Supporting Families:

Parents who are actively involved in the care of their newborn and are in close physical and emotional contact with their baby as early after birth as possible and during hospitalisation can have great benefits on the short- and long-term outcome of their baby, including for example: less need for respiratory support, increased weight gain, improved breastfeeding, shortened hospital stay, less readmission to hospital, or better neurodevelopmental outcome. Active involvement reduces parental stress, equips parents in better taking care of their baby and has positive effects on the parent-child relationship and family life at home, after hospitalisation.

Head of High Care Neonatal Unit at Charlotte Maxeke Noma-Afrika Selekane, Known as super nurse Selekane has been in charge of the unit for more than 10 years. Photo Thulani Mbele. 01/05/2019

Supporting healthcare professionals:

Evidence based, high-quality treatment and care provided in a timely, people centred manner, by a well-trained, specialised multidisciplinary team and safe staffing levels improve health outcomes and enhance staff satisfaction.
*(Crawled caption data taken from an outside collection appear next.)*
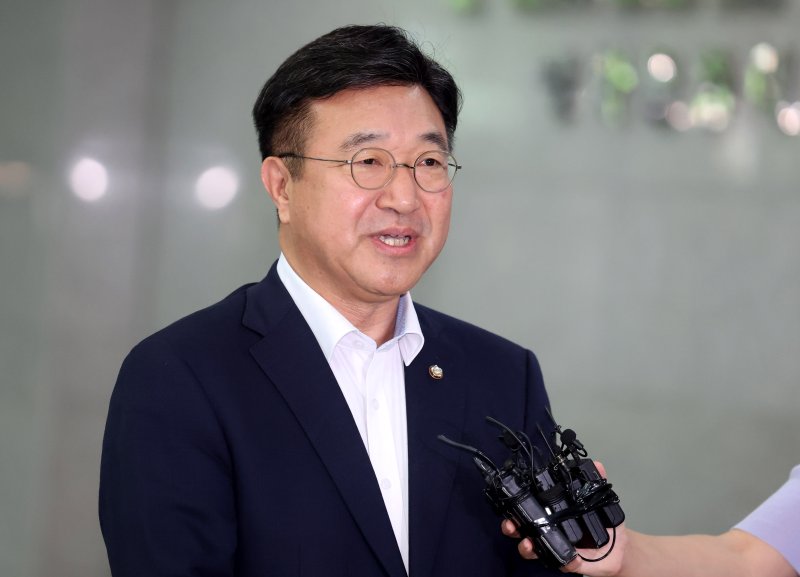 [서울=뉴시스] 추상철 기자 = 에볼루션 바카라 사이트 행정안전부 장관 후보자가 30일 오전 서울 종로구 광화문플래티넘빌딩에 마련된 인사청문회 준비 사무실로 출근하며 취재진의 질문에 답변하고 있다. 2025.06.30. scchoo@newsis.com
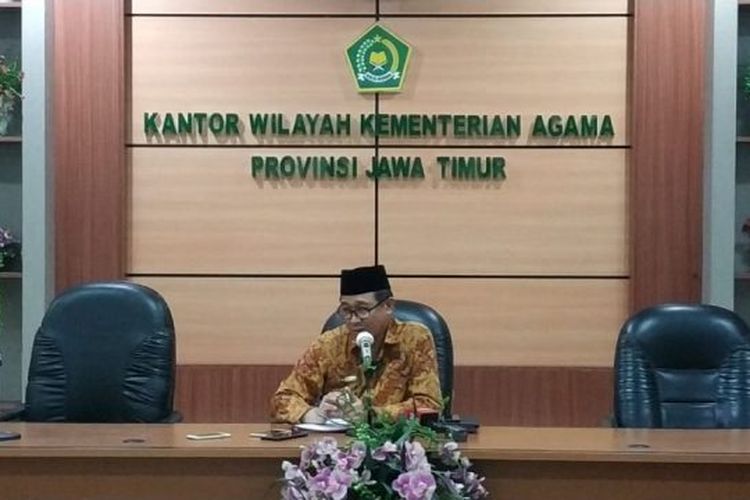as’adul anam saat konferensi pers pada rabu (13/7) di kanwil kemenag jatim. (foto : dokumen kemenag jatim/jatim.kemenag.go.id)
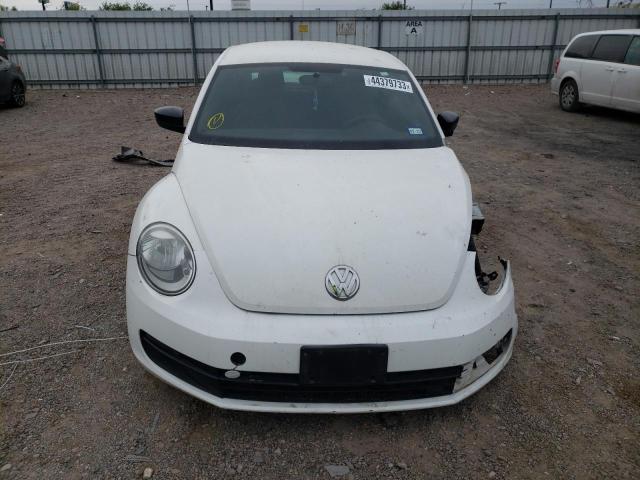 Photo 5 from auction – 2013 VOLKSWAGEN BEETLE with VIN 3VWFP7AT9DM620062
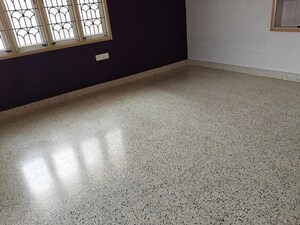 Room in 5 BHK Independent House at Krishna Nagar – for Sale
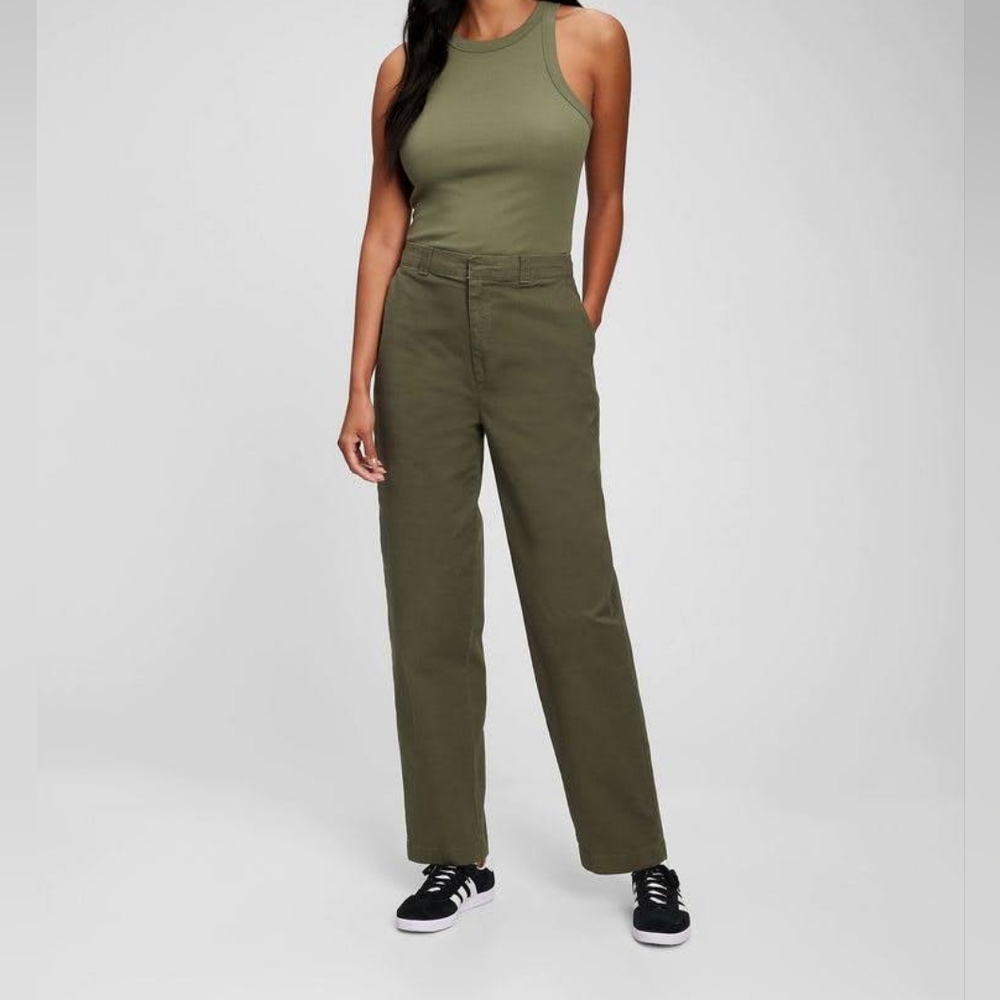 GAP | NWT Mid-Rise Straight Up Khakis, Size 8 Regular
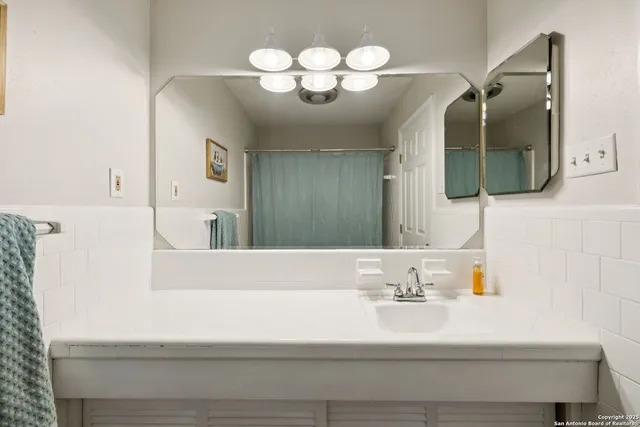 $749,900 | 7970 Highway 87, La Vernia, TX 78121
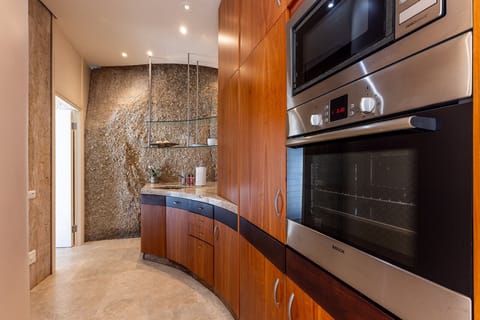 Deluxe Suite with Sea View 5 | Private kitchen | Mini-fridge, microwave, electric kettle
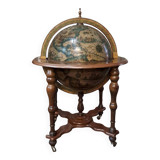Globe Bar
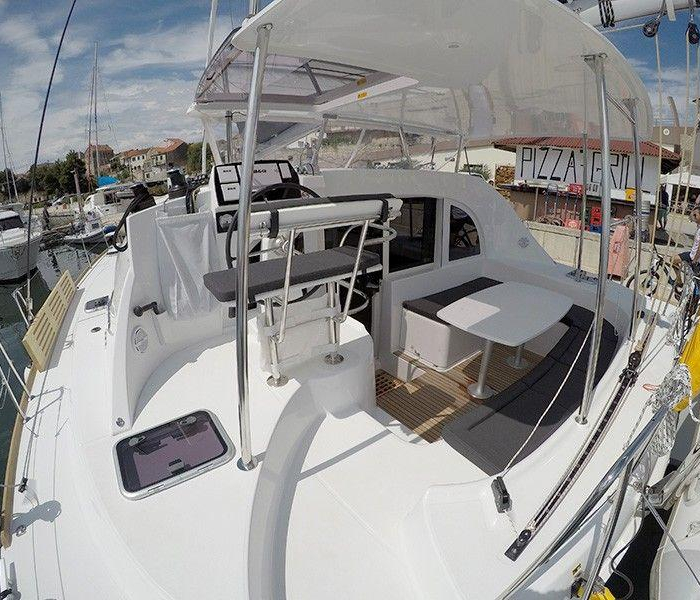 Maya | Lagoon 380 photo 22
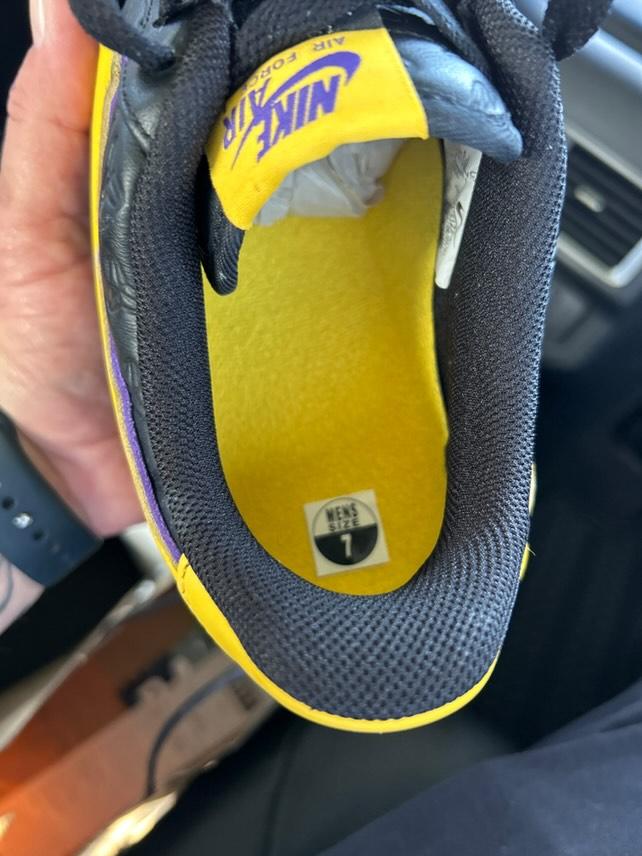 uncle_chrissy's tweet image. Not sure whats going on here but theres a report of Bait selling pairs that weren&apos;t numbered. Anyone else have this experience?

📷  @jeremyaka2020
  • Newborn health is closely linked to adequate numbers of qualified nurses and/or midwives working per shift in a newborn unit.
  • Multidisciplinary teams provide the necessary skill set to deliver appropriate high-quality inpatient care.
  • Specialists help enhance feeding, neurodevelopmental and social outcomes of the baby and form part of a broader support system for families during and after hospital stay.

Strengthening health systems:

Ensure optimal working conditions including sufficient resources, adequate staff training and supervisory support, as well as support by hospital managers and health policy makers and promote respect for healthcare providers and their work.

  • Provide specific and continued training / continuous professional development and supportive supervision to advance skills and competencies, including safe use of WASH (Water, Sanitation and Hygiene) and IPC (Infection, prevention and control) facilities.
  • Respect and recognise the profession and highly intense working conditions and responsibilities with e.g. incentives such as increased remuneration, career opportunities or establishment of a neonatal nursing cadre.
  • Establish innovative approaches to motivate and facilitate the work of clinical staff and identify ways to prevent distress and burn-out.
  • Ensure each level of care has the necessary staff per shift, equipment, commodities, supplies and diagnostics so that providers can safely care for babies born too soon, too small or sick.